=== Recorded data ===
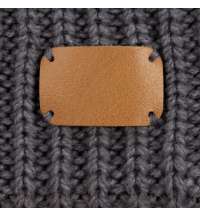 Лейбл кожаный Beta, S, бежевый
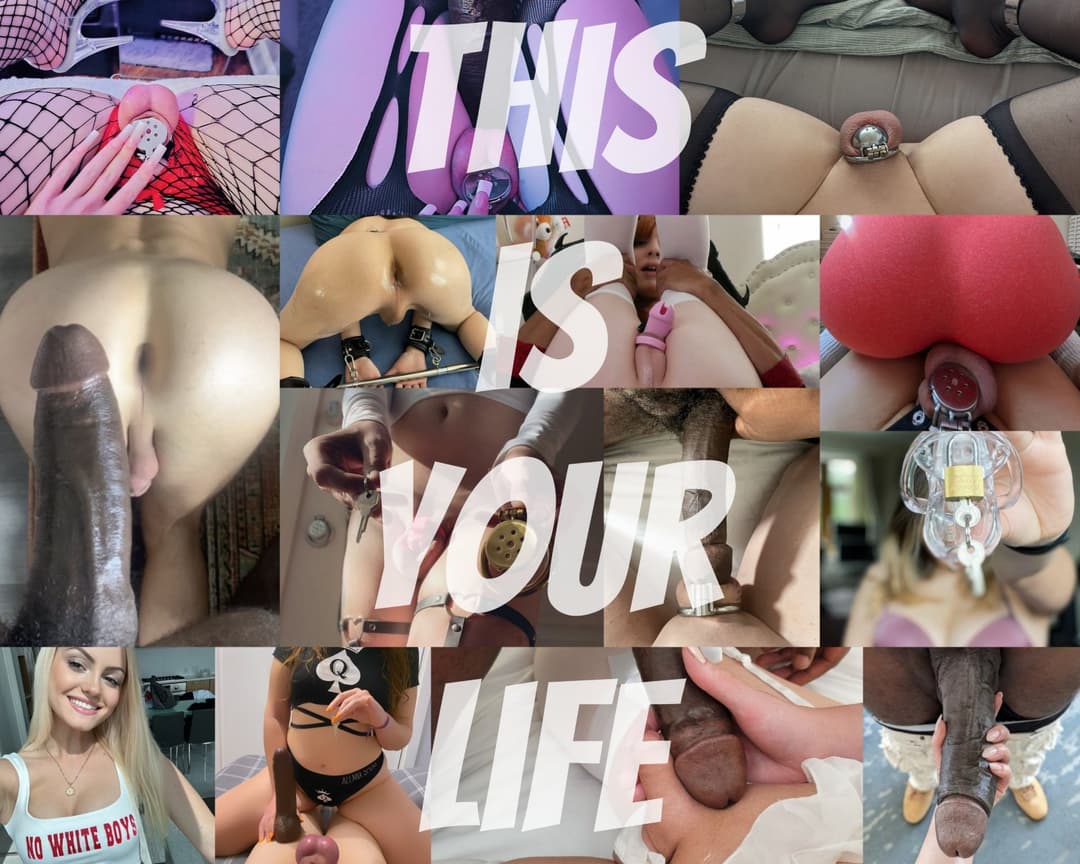 A Sissy Life! Kik illfuckyourwife345 if you are serious about becoming an owned, locked sissy!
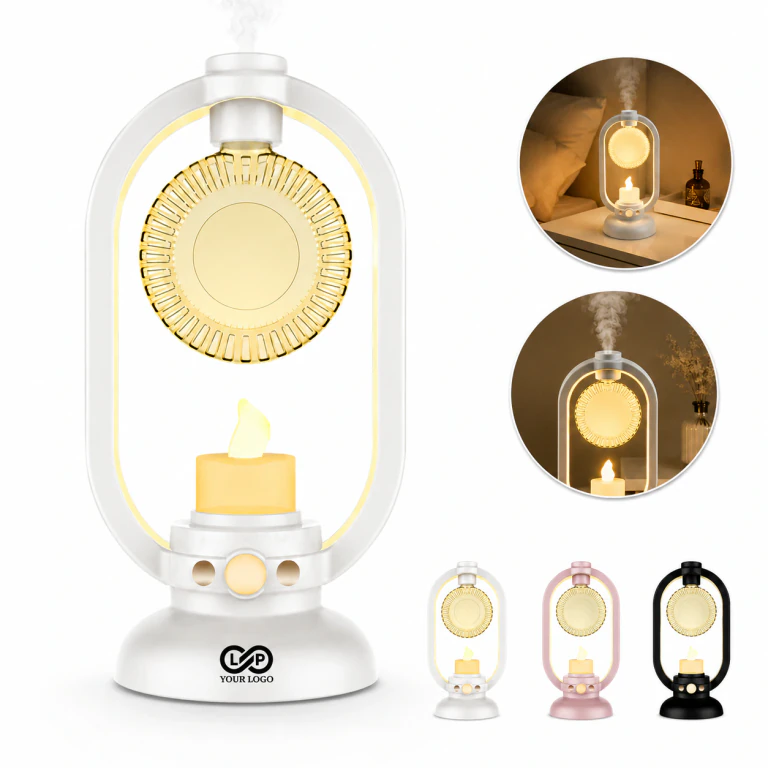Bedroom Yoga Plastic Humidifier with 3-Control Light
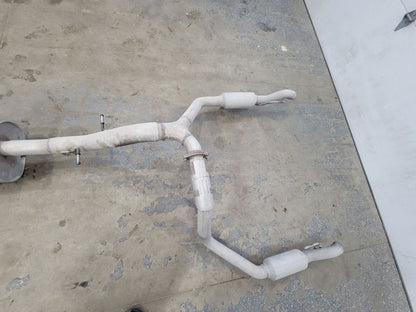 2022 SILVRDO15 OEM REAR DUEL OUTLET EXHAUST CATBACK 32825 - image 7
===
:: Task brief ::
Reproduce every line above exactly as written, omitting the images.

:: Answer ::
 Лейбл кожаный Beta, S, бежевый
 A Sissy Life! Kik illfuckyourwife345 if you are serious about becoming an owned, locked sissy!
Bedroom Yoga Plastic Humidifier with 3-Control Light
 2022 SILVRDO15 OEM REAR DUEL OUTLET EXHAUST CATBACK 32825 - image 7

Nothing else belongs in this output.